## Aim of the exercise
The answer consists of the lines from the line holding "Haywood-Smith ovum forceps, or" through the last line of the entries, retyped exactly, and nothing else. No pictures belong in it.

## Records provided
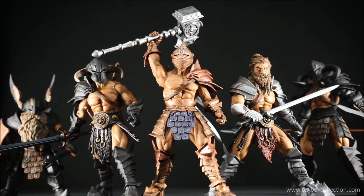And that concludes my review of the Mythic Legions Kador action figure. I hope you guys enjoyed the video — don't forget to like, share and subscribe, and I'll see you guys next time for another toy review.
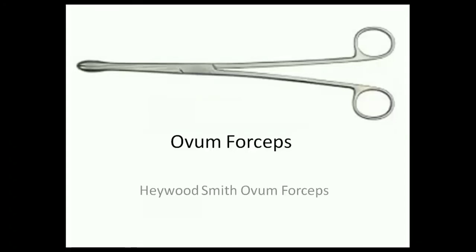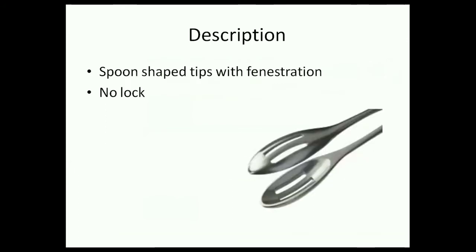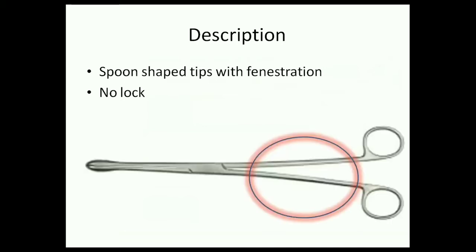Haywood-Smith ovum forceps, or simply ovum forceps, is a long instrument which has spoon-shaped tips. The tips have fenestrations inside. Unlike other forceps, an ovum forceps has no ratchet lock.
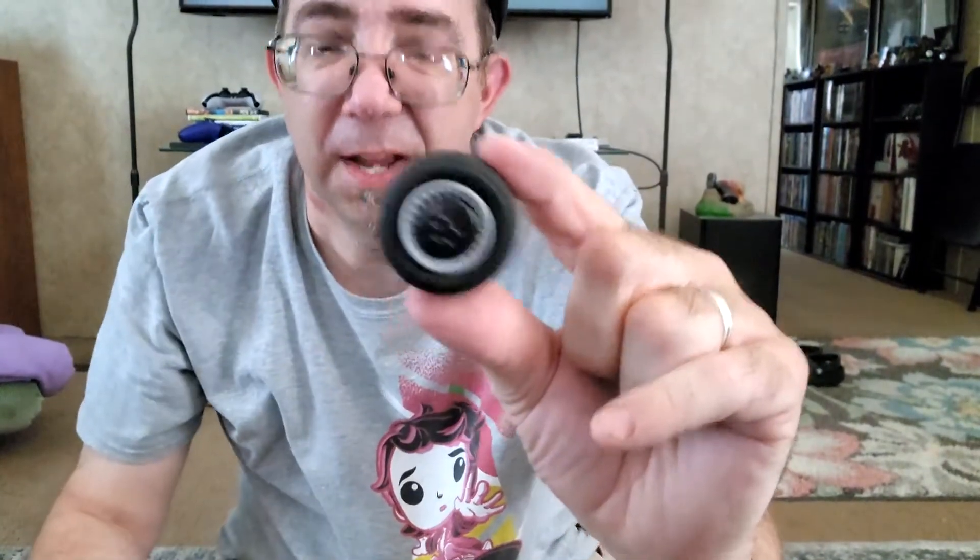It's already looking really cool. Here's the first tire assembled.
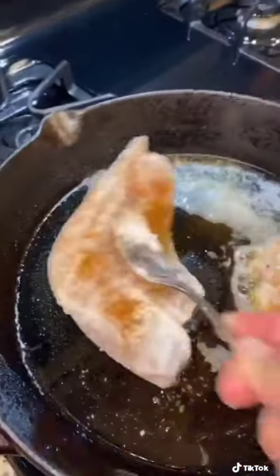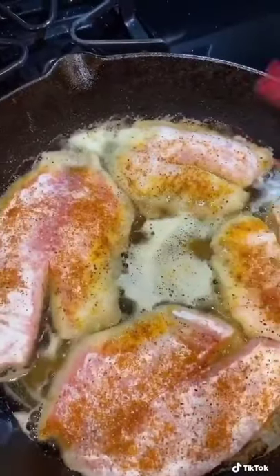Put them into your cast iron skillet. Once you see the fish starting to change colors, flip.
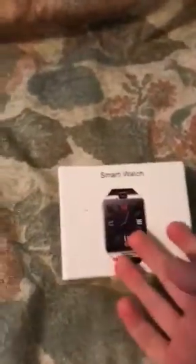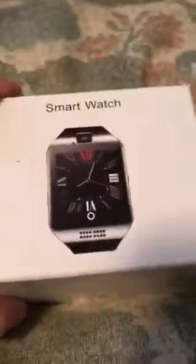Hi, I'm Nikita, and this is a really cool smartwatch. It's a Samsung smartwatch phone, and it's really cool. I already opened it, but I just want to put this on YouTube.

## Output for this task
Haywood-Smith ovum forceps, or simply ovum forceps, is a long instrument which has spoon-shaped tips. The tips have fenestrations inside. Unlike other forceps, an ovum forceps has no ratchet lock.
It's already looking really cool. Here's the first tire assembled.
Put them into your cast iron skillet. Once you see the fish starting to change colors, flip.
Hi, I'm Nikita, and this is a really cool smartwatch. It's a Samsung smartwatch phone, and it's really cool. I already opened it, but I just want to put this on YouTube.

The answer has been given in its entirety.